We've lost a brilliant entrepreneur and tech visionary with the passing of IDG Founder and Chairman Patrick J. McGovern.
IDG was very much Mr. McGovern's company, starting with his initial idea back in the mid-1960s that people needed honest, unbiased information about computer technology. He became a technology entrepreneur long before it was fashionable, launching International Data Corp. in 1964, selling his car to help with start-up funds.
"I tried to ask a few friends if they believed in me enough to invest in the company. Only my wife and my sister had enough belief in me to go invest, and each went to the limit of their belief, they gave me $10 each," he told the Computerworld Honors program in 2000. "One of my satisfactions is that $10 is now worth $4 million."
All employees who worked at IDG more than a couple of years remember his long-time tradition of handing out holiday bonuses personally to each of us. He would stop and shake our hands and thank us personally for some specific work we'd done for the company -- and he did this for thousands of people. He brushed up in advance, making sure to learn something about everyone -- an impressive annual feat for a man who had quite a bit else vying for his time and attention.
During many of his visits, he'd ask us very specific questions about our business and how things were going -- with our bosses and business unit chief standing by. Someone once asked him why he'd ask questions like that with people's superiors right there -- did he really expect honest and frank answers? He laughed his trademark booming laugh and explained that he was looking for how people responded as much as what they said. Did they feel comfortable talking or did they look like they feared their superiors? It was one of many ways he tried to keep himself informed about how things were for the average employee.
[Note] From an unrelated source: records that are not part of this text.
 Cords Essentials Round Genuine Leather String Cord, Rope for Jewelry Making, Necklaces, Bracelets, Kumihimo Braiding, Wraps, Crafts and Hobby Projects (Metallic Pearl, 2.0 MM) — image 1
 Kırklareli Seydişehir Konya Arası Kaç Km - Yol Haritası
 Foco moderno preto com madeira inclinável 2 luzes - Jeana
Those of us fortunate enough to have worked for him for more than 10 years were taken out to dinner by him for what was truly an evening to remember. Like Mr. McGovern himself, the whole enterprise was a class act. The night started with a limo to whisk us from the office to a top Boston restaurant. When we arrived, he was there curbside to greet us, handing each of the women a single long-stemmed rose.
At the table over what is likely the most expensive bottle of champagne I've ever enjoyed, he regaled us with tales of how he opened the China market to U.S. publishing and his exciting trip to Antarctica. He talked about his passion for brain research -- he pledged $350 million to MIT to establish the McGovern Institute for Brain Research. (It was reported to be the largest-ever single gift to a US university at the time). And he made sure to ask each of us about something in our lives -- he studied for these dinners beforehand so he'd know about each of the employees he was honoring.
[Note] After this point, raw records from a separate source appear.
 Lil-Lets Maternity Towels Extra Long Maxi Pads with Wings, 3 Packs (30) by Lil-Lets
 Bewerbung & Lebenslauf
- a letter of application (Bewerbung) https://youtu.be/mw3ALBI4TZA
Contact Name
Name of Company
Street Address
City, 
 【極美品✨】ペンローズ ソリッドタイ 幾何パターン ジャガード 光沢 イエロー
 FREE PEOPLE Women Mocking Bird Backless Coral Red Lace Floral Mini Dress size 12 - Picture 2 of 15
His belief in unbiased information never wavered. How many other corporate media executives after a vendor yanked all advertising following a story about overcharging customers would respond with a memo saying great job?
I used to joke that he was the only billionaire who actually knew me personally. But it wasn't a joke -- despite leading a global corporation with many thousands of employees, he not only knew my name but what I did. And it was the same for pretty much all of us.
Mr. McGovern truly believed that better access to quality information would help improve the world. "Before people can achieve something they have to conceive of the possibility of that achievement, and information is the seed of that conception," he said in that 2000 Computerworld interview (see PDF download of full interview transcript). "When I read this book about the Giant Brains or Machines that Think, I was inspired to move ahead in that field. I thought, 'Gee, if I could be a major contributor to the flow of information so that people could understand the possibilities of computers and communications and electronics, and then inspire that technology and improve the ways to apply it, then eventually we would be able to make much greater use of this in enhancing the quality of human life.
"I wanted to bring the possibilities to people and get them stimulated about understanding how this technology could help."